Potent Processing and Manufacture
Almac Pharma Services understands the unique challenges associated with handling potent compounds. Our highly skilled team is equipped to handle a diverse range of Active Pharmaceutical Ingredients (APIs) and drug products utilising state-of-the-art facilities, equipment and technology.
We follow rigorous containment protocols to protect both our employees and the environment, ensuring both safety and compliance at every step. Processing high potency APIs in drug product development for clinical trial supply and small volume commercial products. Almac develops and manufactures oral dosage formulations containing high potency API from our state-of-the-art non-GMP and GMP facilities, with batch sizes ranging from gms to tons.
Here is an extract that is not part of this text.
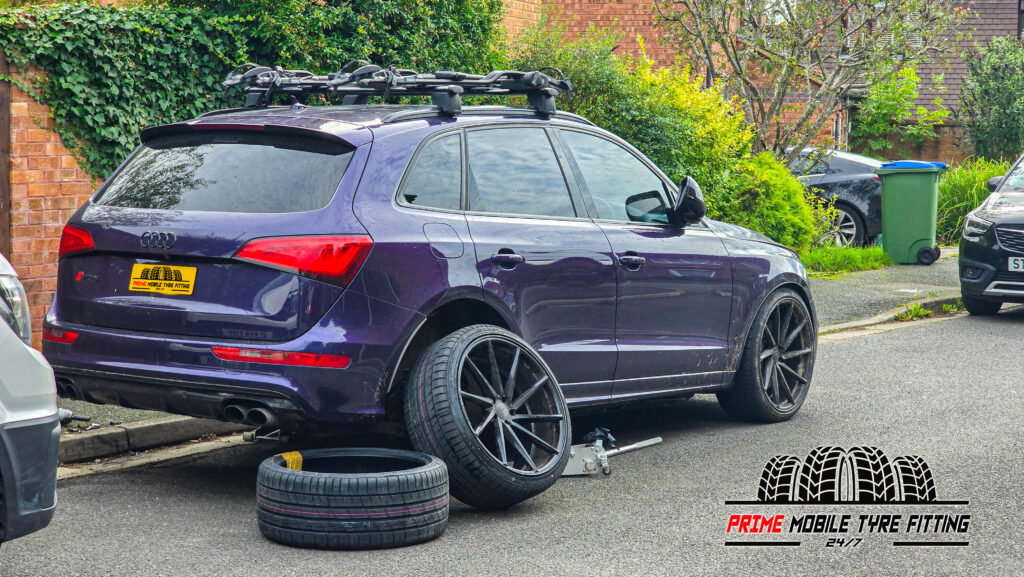 Tyre Tread Depth Check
At Almac quality assurance and compliance is at the heart of everything we do. We adhere to strict regulatory guidelines and standards to ensure that your pharmaceutical drugs meet the highest quality and safety requirements. Our facilities are regularly inspected and audited by regulatory authorities to guarantee compliance with GMP and other relevant regulations.
Utilising our state-of-the-art containment technology
We have designed, manufactured and installed state-of-the-art containment technology to facilitate the processing of potent compounds in both our non-GMP and GMP pharmaceutical development facilities.
To contain airborne particulates, we have applied engineering solutions that employ rigid and flexible film isolator technology around the processing zones of equipment. Extensive dust monitoring exercises have determined the effectiveness of these containment solutions, demonstrating that we can process compounds with an OEL as low as 0.05g/m3/8 hours.
We have the capability to process potent compounds using a wide variety of processing techniques, which include:
- Dry granulation
- Wet granulation / fluid bed drying
- Tablet coating
From formulation, to scale-up, and commercial manufacturing, Almac Pharma Services is your trusted partner throughout the entire lifecycle of your drug product.